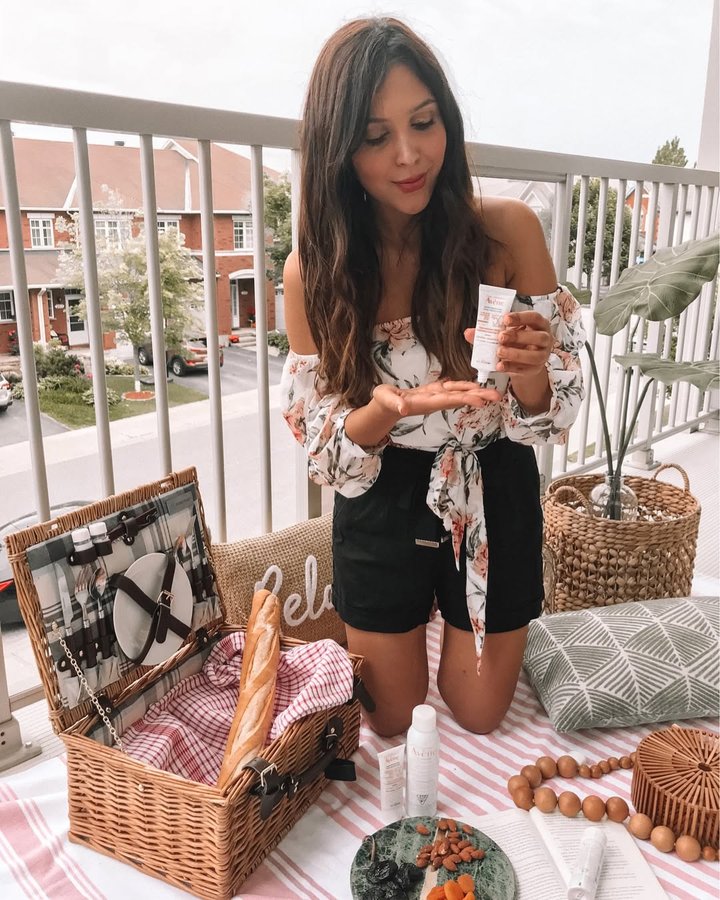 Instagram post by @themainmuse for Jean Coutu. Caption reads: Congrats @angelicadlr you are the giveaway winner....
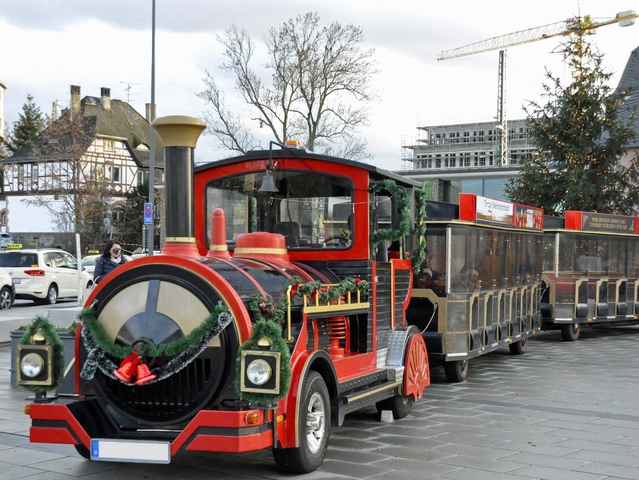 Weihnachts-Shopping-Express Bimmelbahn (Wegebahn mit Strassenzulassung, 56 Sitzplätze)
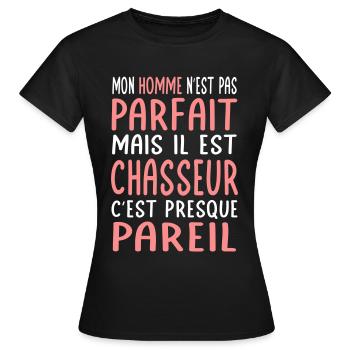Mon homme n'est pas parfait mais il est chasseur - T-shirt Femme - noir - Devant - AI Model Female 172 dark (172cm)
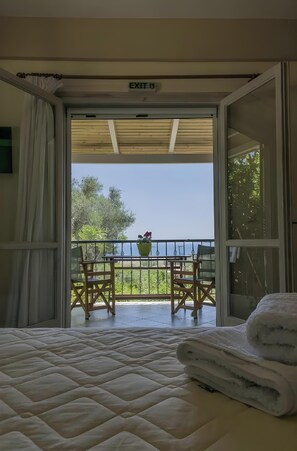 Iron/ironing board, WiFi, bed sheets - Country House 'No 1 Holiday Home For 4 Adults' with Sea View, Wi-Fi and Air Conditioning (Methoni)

——

- _EXERCISE OBJECTIVE_: Say again, word for word, every line from the one with "Weihnachts-Shopping-Express Bimmelbahn (Wegebahn" through the last line of the data above, minus the pictures.

- _PROBLEM SOLUTION_:
 Weihnachts-Shopping-Express Bimmelbahn (Wegebahn mit Strassenzulassung, 56 Sitzplätze)
Mon homme n'est pas parfait mais il est chasseur - T-shirt Femme - noir - Devant - AI Model Female 172 dark (172cm)
 Iron/ironing board, WiFi, bed sheets - Country House 'No 1 Holiday Home For 4 Adults' with Sea View, Wi-Fi and Air Conditioning (Methoni)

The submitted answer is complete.